Chenier is just one of the many Black children who lived through Hurricane Katrina and its devastating aftermath. But until filmmaker Edward Buckles Jr.—himself a child survivor of the 2005 tropical cyclone that remains the costliest in United States’ history—began asking questions for his multi-year project, many had never spoken publicly about their experiences.
Now, Buckles is letting the now-grown-up infants, toddlers, tweens and teenagers who lived through Katrina tell their own stories in the new documentary Katrina Babies.

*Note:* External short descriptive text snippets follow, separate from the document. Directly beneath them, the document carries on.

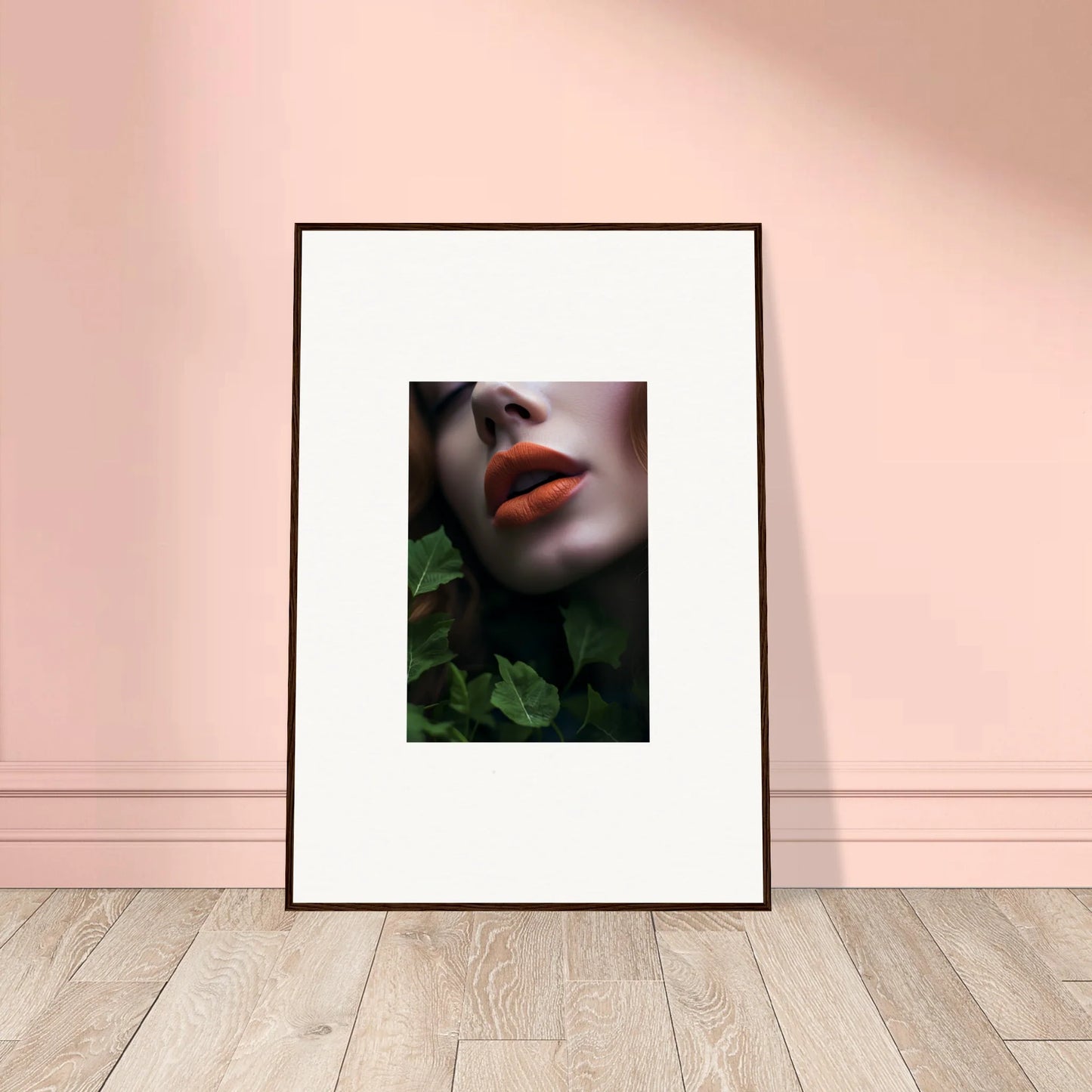 Framed wall art of bright red lips among green foliage in Leaf Symphony decor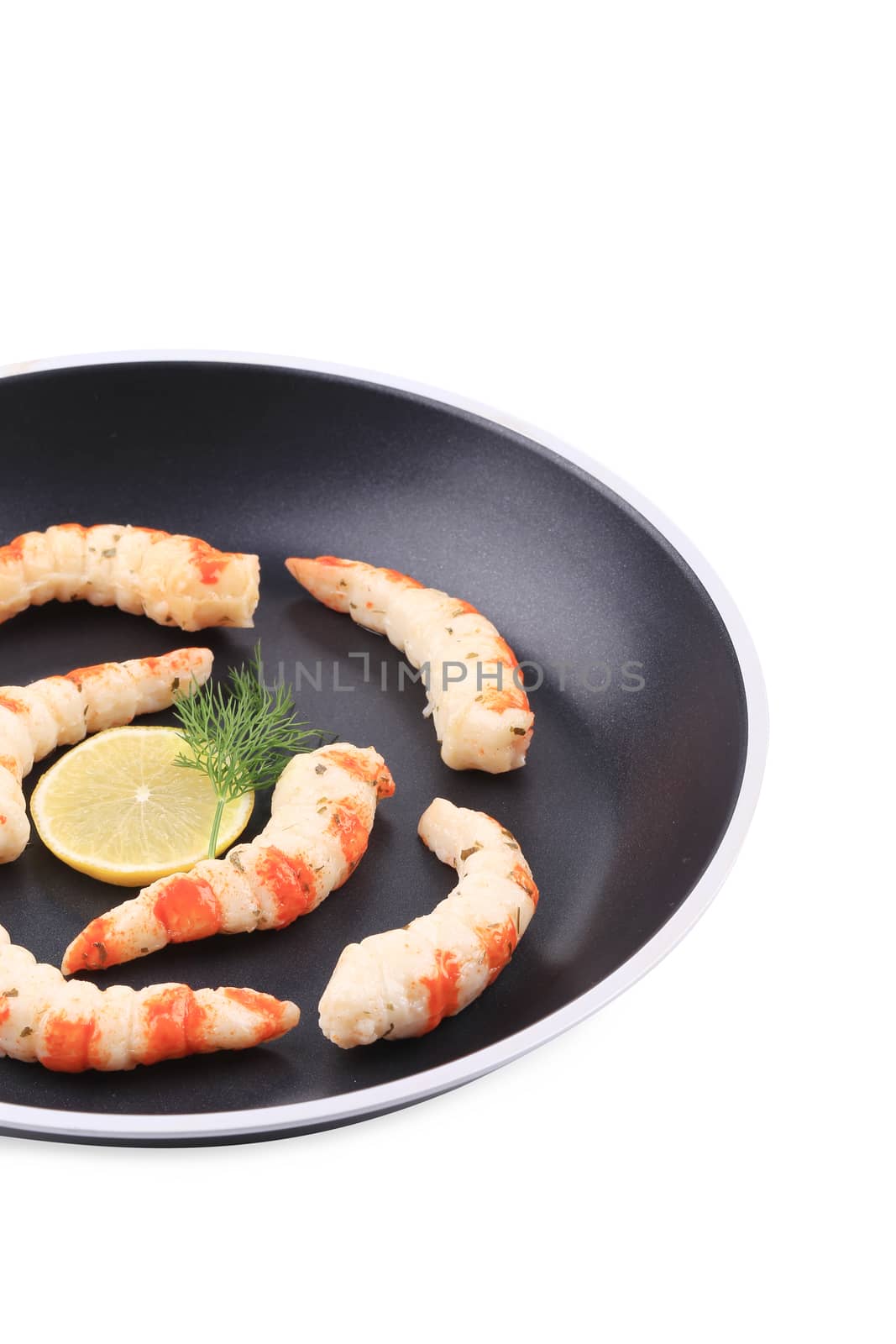 Cooked unshelled shrimps on frying pan. Whole background.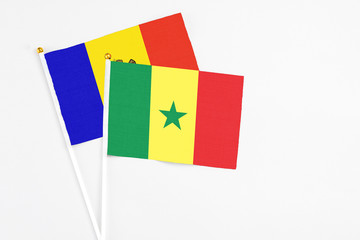 Senegal and Moldova stick flags on white background. High quality fabric, miniature national flag. Peaceful global concept.White floor for copy space.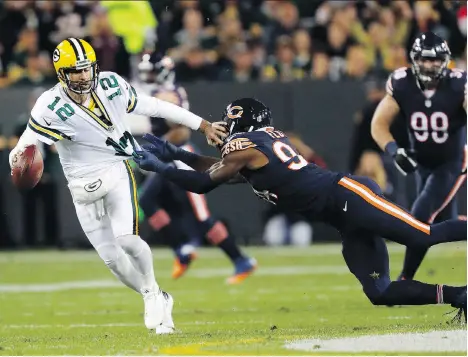  ?? MATT LUDTKE/THE ASSOCIATED PRESS ?? Green Bay Packers quarterbac­k Aaron Rodgers, left, will likely have to scramble to escape from Chicago Bears like outside linebacker Leonard Floyd when the teams meet Thursday in NFL action in Green Bay, Wis. The Packers have a 2-1 record while Chicago...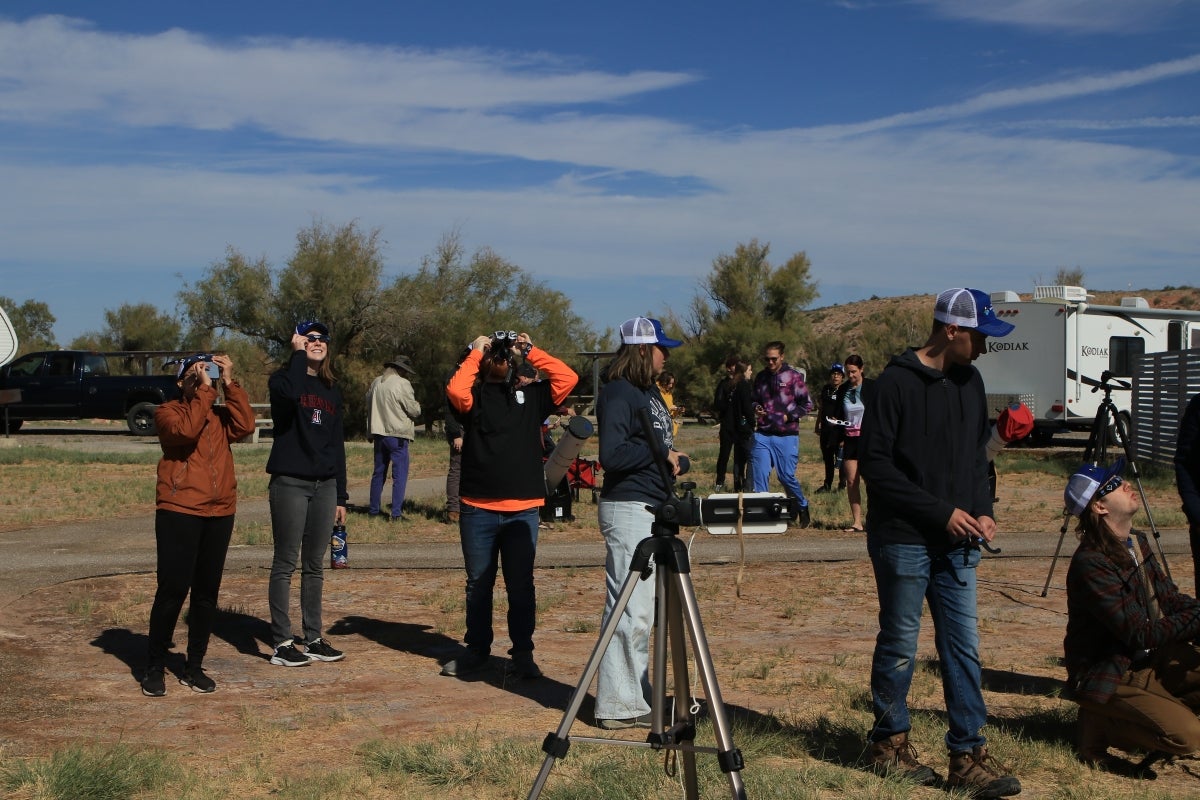 People looking up at an eclipse.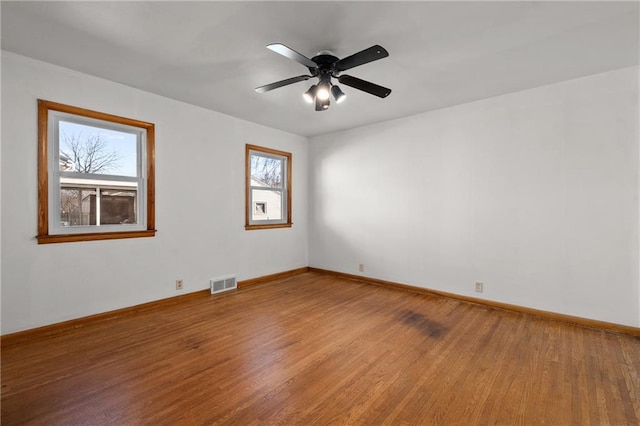 unfurnished room with baseboards, light wood-type flooring, visible vents, and a ceiling fan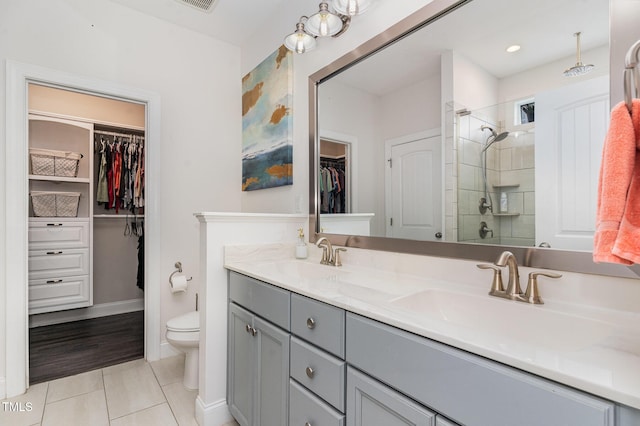 bathroom featuring a stall shower, tile patterned floors, double vanity, toilet, and baseboards
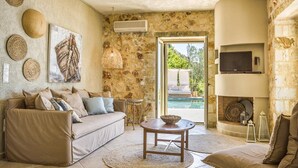 A cozy living room with a stone wall, a sofa, a coffee table, and a TV mounted on the wall. - Villa Kalou Cottage by Villa Plus (Ionian Islands)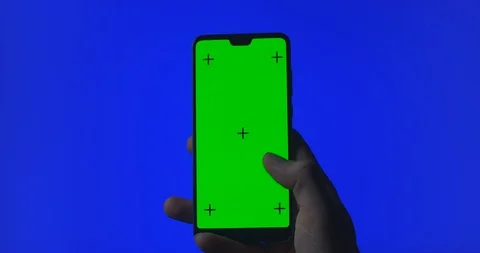 Phone in the hand close up isolated at blue background. Phone screen is blue Stock Footage 128677700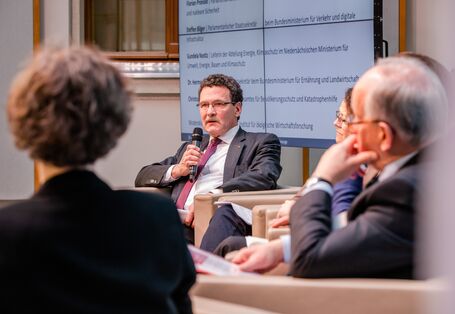 Podiumsdiskussion aus einer anderen Perspektive. Im Hintergrund steht eine Tafel, auf der die Podiumsbeteiligten verzeichnet sind.
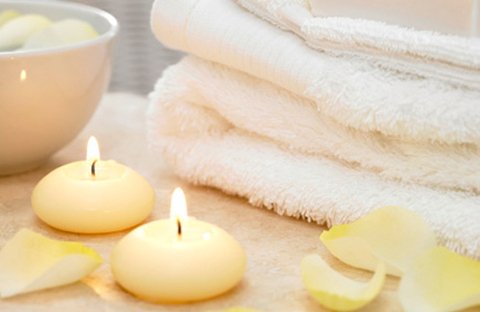 Lit floating candles beside folded white spa towels and rose petals.
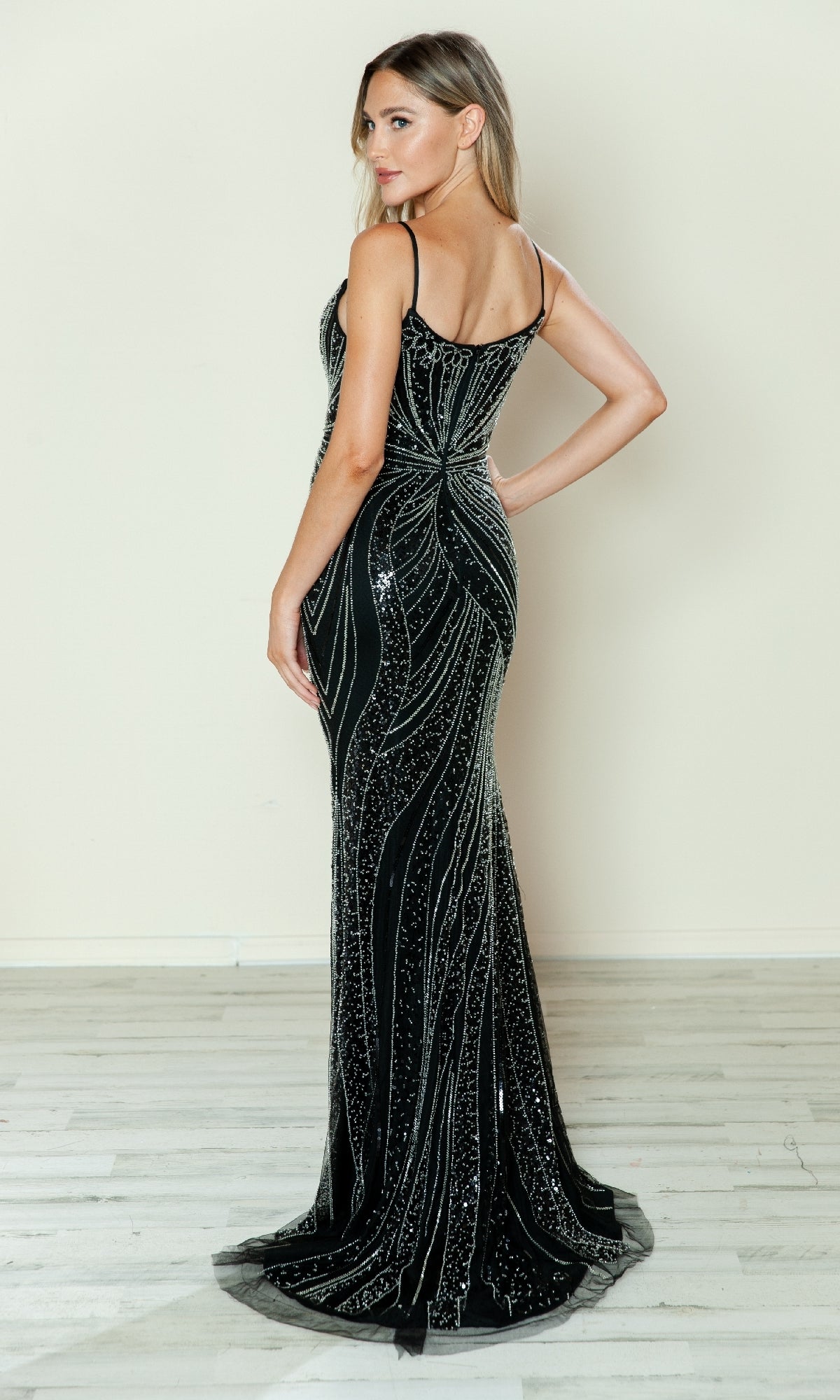 A woman stands sideways on a light wood floor against a beige wall, wearing the Poly USA 9510 Beaded Spaghetti-Strap Prom Gown—a sleeveless, floor-length black dress adorned with silver sequins.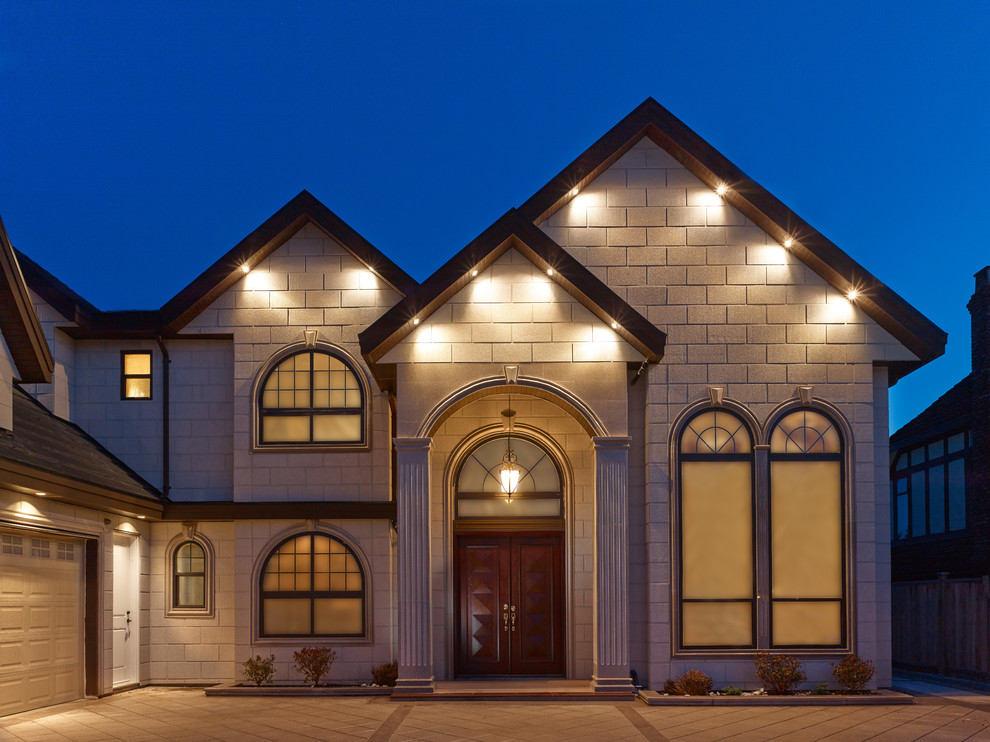 This is an example of a medium sized and beige traditional two floor house exterior in Vancouver.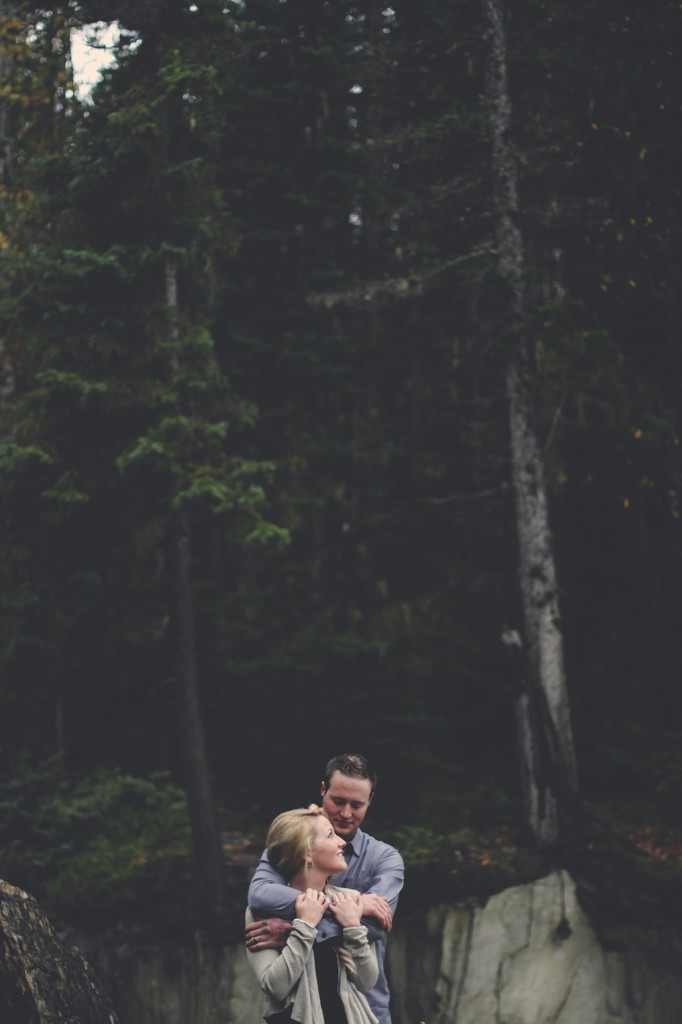 engaged man hugs her fiance's shoulders as she looks back at him smiling against a forest backdrop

“After losing so much, why wouldn’t anyone ask if we were okay?” Buckles says in the trailer. “Nobody ever asked the children how they were doing—so I am.”
Unlike traditional documentaries, Katrina Babies contains no interviews with experts or commentators. That was an intentional choice by Buckles, who wanted to let the childhood survivors speak for themselves and dictate their own narratives. As MSNBC’s Jarvis DeBerry writes in an opinion column, this uncommon stylistic choice makes the Katrina survivors “the authorities of their own lives.”
“Black children are talked about often but rarely listened to,” DeBerry writes. “They are frequently discussed, pitied or pathologized, but almost never asked to speak. They are commonly the subjects of stories, but less often those stories’ narrators.”
Hurricane Katrina struck Louisiana and other parts of the southeastern United States near the end of August 2005. In New Orleans, some 1.2 million people evacuated before the storm hit, but tens of thousands of residents remained. Federally constructed levees and floodwalls failed, flooding 80 percent of the city and causing widespread power outages. Some parts of New Orleans, including the Lower Ninth Ward, were almost totally submerged, which meant thousands of people were stranded on rooftops or trapped in attics for several days.
Federal disaster officials were slow to respond. In the end, an estimated 1,800 people died as a result of the disaster. Recovery efforts were slow and uneven, particularly in the city’s predominantly Black neighborhoods.
In Katrina Babies, Buckles argues that New Orleans still hasn’t fully recovered. And, perhaps more importantly, neither have the children who lived through the disaster and haven’t had many opportunities to process their trauma.
“Miesha is one of my best friends, and she is a subject in the film,” Buckles tells NPR’s “All Things Considered.” “She is the first person that breaks down in this film and says, ‘No one ever asks me about my story.’ And I realized that we weren’t just dealing with people telling their stories. We were dealing with people healing.”
The film won’t heal everyone, Buckles adds, but he hopes it’s a start.